Catherine the Great (1729-1796), Russia’s great empress, had a Field Marshall named Grigori Potemkin who organized a tour of southern Russia for her. The tour was planned over 4 years and covered a distance of 1000 miles. To impress the Empress, Potemkin created fake villages where “happy” peasants were transported back and forth. All along the way Catherine gazed out on seemingly happy subjects lining the streets. Thus, the term Potemkin village entered our vocabulary to refer to “an impressive facade, or show, created to hide an undesirable fact or condition.”
How much of the Western church, and particularly the church in the United States, is a Potemkin village – with numbers, glitz, and sizzle – but little depth?
Truth be told, we have large numbers of “Christ-followers” in our churches who:
- Live off the spirituality of others;
- Pray and read Scripture very little;
- Are enslaved to pornography and romance novels;
- Have not had sexual relations with their spouse in months;
- Are emotionally unaware and judgmental;
- Treat God as if He were their personal assistant or personal, volunteer fire house in case of an emergency;
- Pursue the American dream of security and comfort more than Jesus’ kingdom; and
- Are too busy and distracted to engage larger issues such as systemic racism and the poor in a serious way.
The list goes on.
It is so easy to spend our time as Christian leaders focused mostly on externals – running programs, planning, supervising volunteers, fine-tuning our messaging, strategizing, streamlining our visitor experience, identifying and releasing new volunteers, injecting creativity into our services, growing our numbers and giving.
The problem, however, is that this leaves us with little energy to focus on internals – making serious disciples, laboring till Christ be formed in them (Gal. 4:19), and watching over our own hearts to ensure our doing for God flows from our being with Him. This is slow and messy.
There are only so many hours in the day. But if our priority is excellence in the external appearance of ministry, we end up with little time available to do what Jesus did – focus on the internal.

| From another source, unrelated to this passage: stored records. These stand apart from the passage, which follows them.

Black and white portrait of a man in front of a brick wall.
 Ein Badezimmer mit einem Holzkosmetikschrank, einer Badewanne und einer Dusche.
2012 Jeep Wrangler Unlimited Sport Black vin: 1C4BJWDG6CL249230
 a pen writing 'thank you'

Our churches may look better on the outside than they really are on the inside. But I fear that much of Western Christianity is empty and unsustainable long-term. Why? We are not making serious disciples.
You and I cannot fix this today. But let me invite you to:
- Ask God for one person with whom you can pray and meet.
- Meet with them, asking the following questions:
- Tell me about your rhythms with Jesus in Scripture and prayer. What is going well? What are your largest challenges?
- How are things doing in your marriage (if applicable)? If you are single, what are you doing to cultivate a few close relationships and do self-care outside of your work? What is one question you are holding as you think about going forward?
And may God grant us the Holy Spirit’s power to follow the narrow way of Jesus, lest we fill the land with churches that are simply Potemkin villages.